合わせて、映像資料をSNSに公開、世界に向けてこの蛮行を喧伝した。
しかしチムル国はこの件に関してユエ国側の謀略であり、事実無根である旨主張した。
ほぼ同時期、タリム河河畔での戦いがや起こった。難民たちを肉の盾にしてチムル軍は進攻を開始した。戦車、装甲車を難民たちの後方に配置し、難民たちを先頭に立て、進軍を開始した。
地雷原に難民たちが触れ、次々と爆発が巻き起こった。それに恐れて逃げようとするものは後ろからチムル軍が銃撃し射殺した。
ユエ軍も砲撃を開始した。ユエ軍は長距離砲を用いた攻撃を実施した。チムル軍も砲撃を開始、両軍は打ち合いとなり、地上にあるものは次々と打ち砕かれていった。
齋藤は河の西岸に設けられている第1防衛陣地にこもりながらそれを見ていた。砲撃による煙と爆風は地上を焼き尽くした。
敵の戦車が突っ込んできた。齋藤は対戦車ミサイルをもってそれを狙い打った。戦車はミサイルの攻撃により炎上した。
戦車は次々と攻め寄せてきた。装甲車からは敵の兵士たちがとびだしてきた。
齋藤が指揮する中隊は、必死にこれに対処した。
戦車、装甲車には対戦車ミサイルを歩兵たちには機銃による攻撃を行った。
難民たちはすでに影も形もなくなっていた。
チムル軍の攻勢に抑えきれなくなった第1防衛陣地に放棄命令が下った。
齋藤たちは生き残ったものを集め、仮設の水中トンネルをくぐって河の東岸に逃れた。
西岸からの撤退後、河に係る大橋以外、両岸の交通手段はすべて破壊された。
チムル軍は大橋に殺到した。
その時、大橋が爆破された。そのあおりを受けて、幾台もの戦車や車両、兵士たちが吹き飛ばされた。兵士たちはタリム河を下流に流されていった。
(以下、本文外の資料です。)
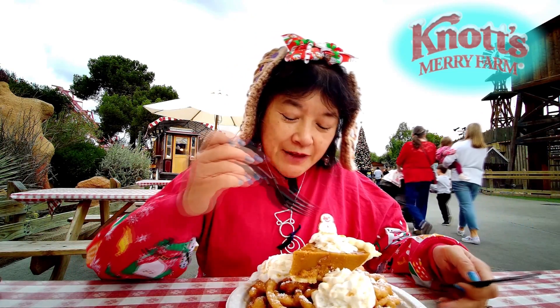Let me get a little bit of everything here. It tastes like you're eating funnel cake with pumpkin pie on top. The pie is good though — Knott's makes good pies here.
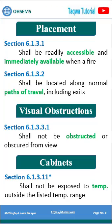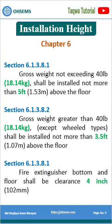Fire extinguishers shall be accessible, shall not be obstructed, shall not exceed the required temperature range, and shall be installed not more than 5 feet high.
両軍は川を挟んでお互い火砲やミサイルによる攻撃を行った。チムル軍は河を渡ろうとして、仮架橋をたくらむもユエ軍に破壊された。
雪解けの水が河の水量を増加させたため、河の水に流された兵士の救出は困難を極め、チムル軍の損害は増加の一途をたどった。
一昼夜戦い続け、とうとうチムル軍の攻勢がやんだ。
チムル軍はかなりの被害を受けたものと思われた。ユエ軍側も何千人もの死者を出した。
両軍はそのままそこでにらみ合った。